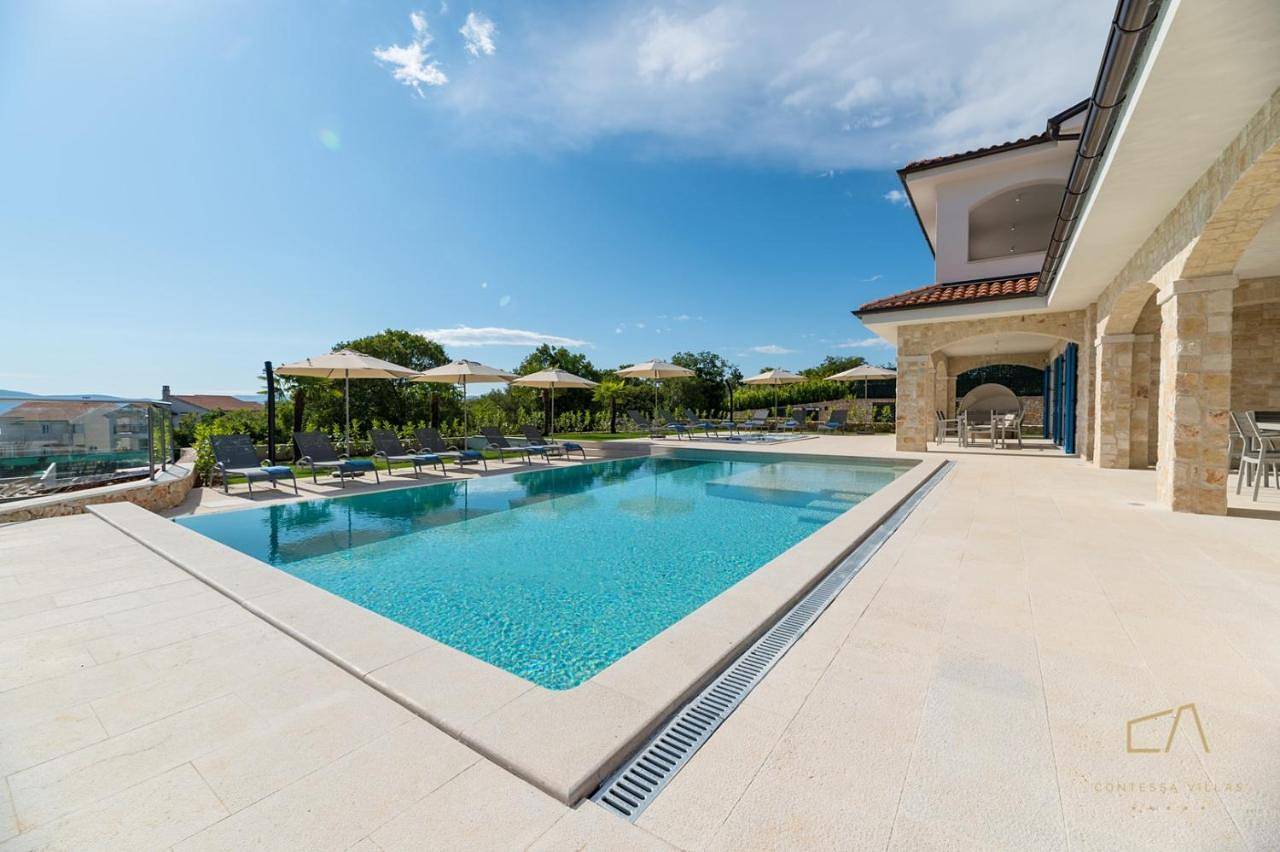 Luxury Apartments Loma in Sveti Vid-Miholjice, Malinska-Dubašnica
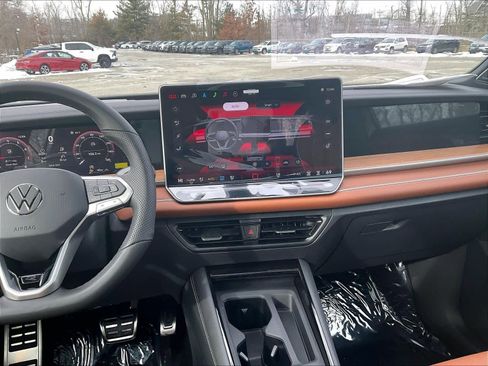 New 2026 Volkswagen Tiguan SEL R-Line image 12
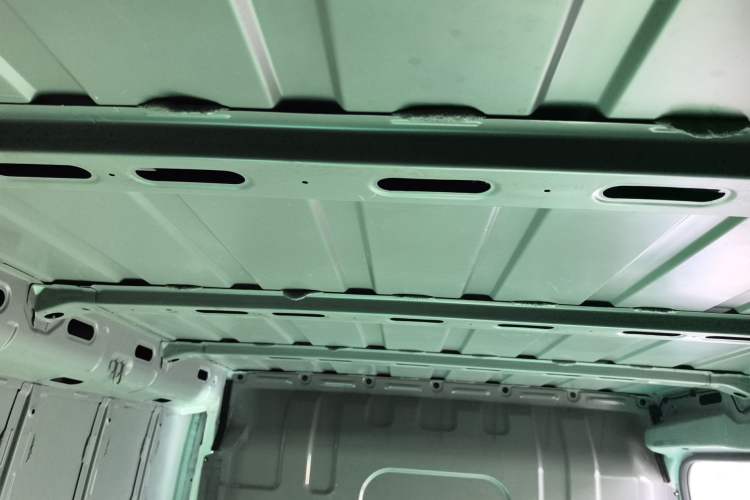 Used SRM New Energy E3L 2025 Ningde 41.86kWh 305KM Practical Van Headliner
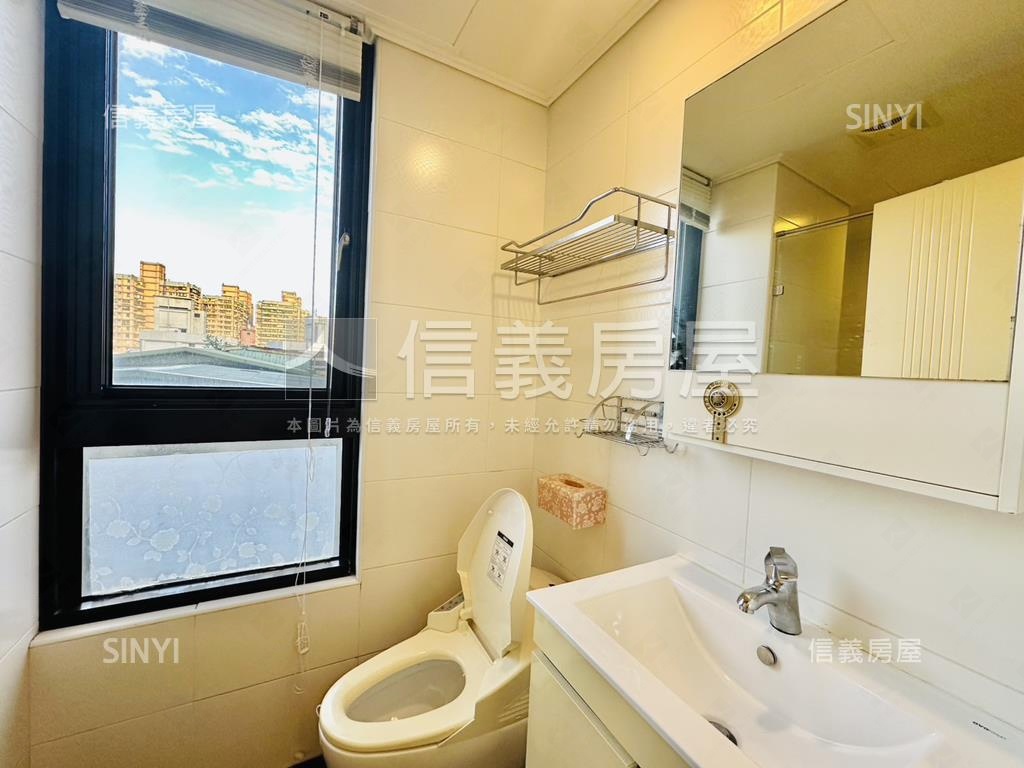 金富帝寶精美三房房屋室內格局與周邊環境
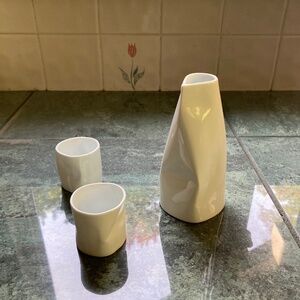 Porcelain sake set. White.
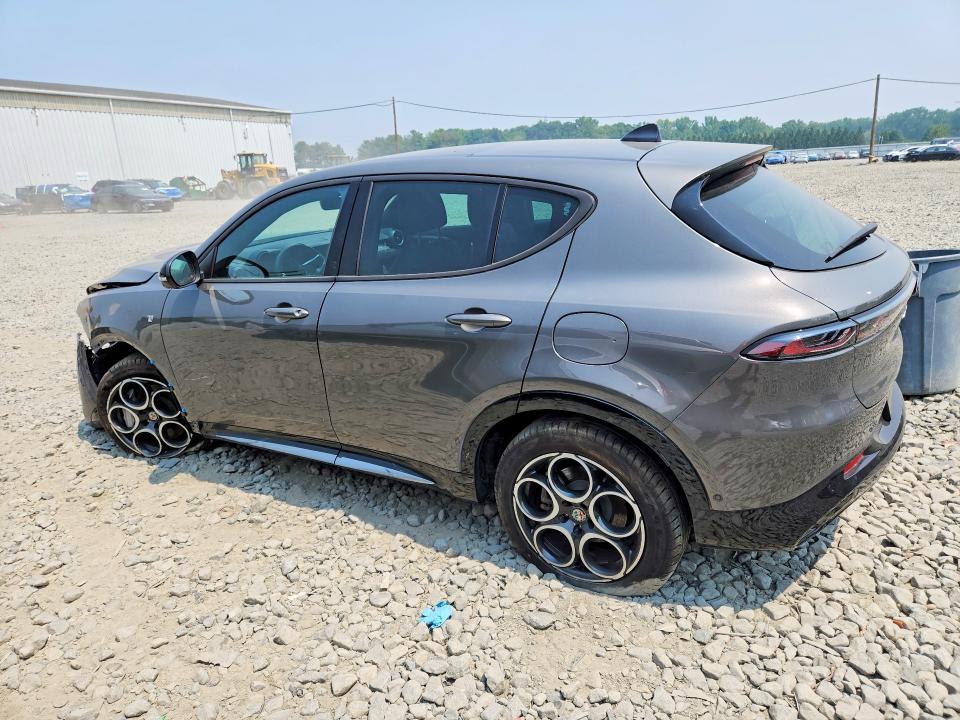 Photo 2 from auction – 2024 ALFA ROMEO TONALE with VIN ZASPATCW6R3057266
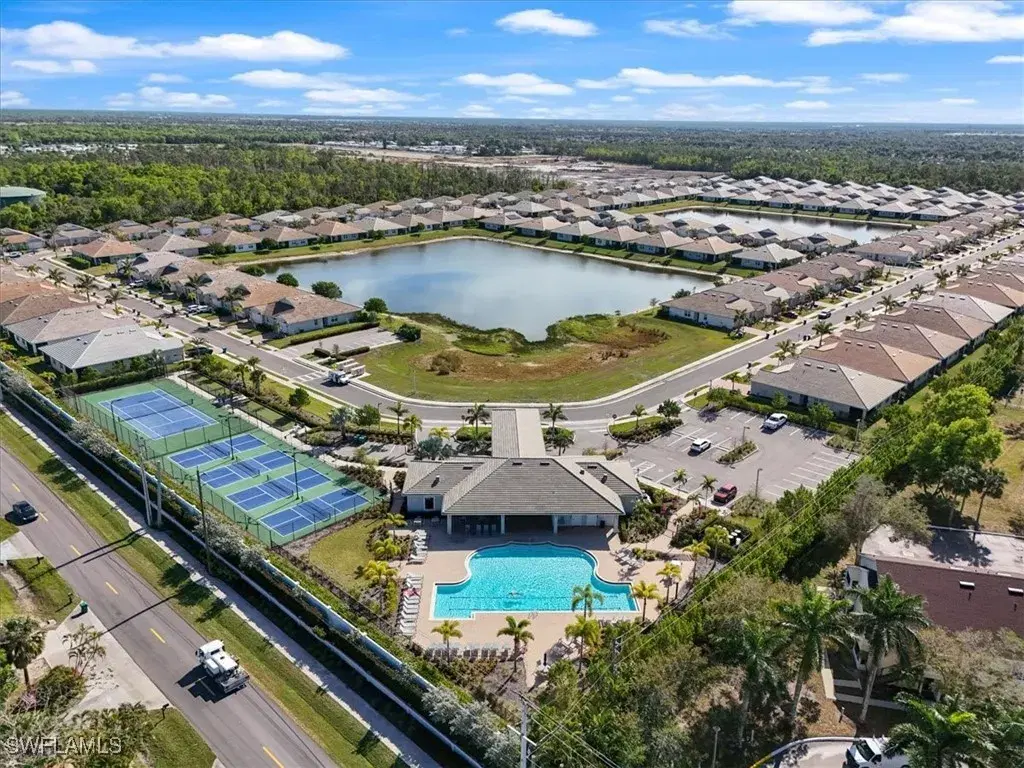 Picture of 1009 Tranquil Brook Dr, Naples, FL 34114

****************

* [To do]
In the listing above, find the line containing "Used SRM New" and the line containing "Photo 2 from", then print exactly those two lines and every line between them, minus the pictures.

* [Answer to this problem]
 Used SRM New Energy E3L 2025 Ningde 41.86kWh 305KM Practical Van Headliner
 金富帝寶精美三房房屋室內格局與周邊環境
 Porcelain sake set. White.
 Photo 2 from auction – 2024 ALFA ROMEO TONALE with VIN ZASPATCW6R3057266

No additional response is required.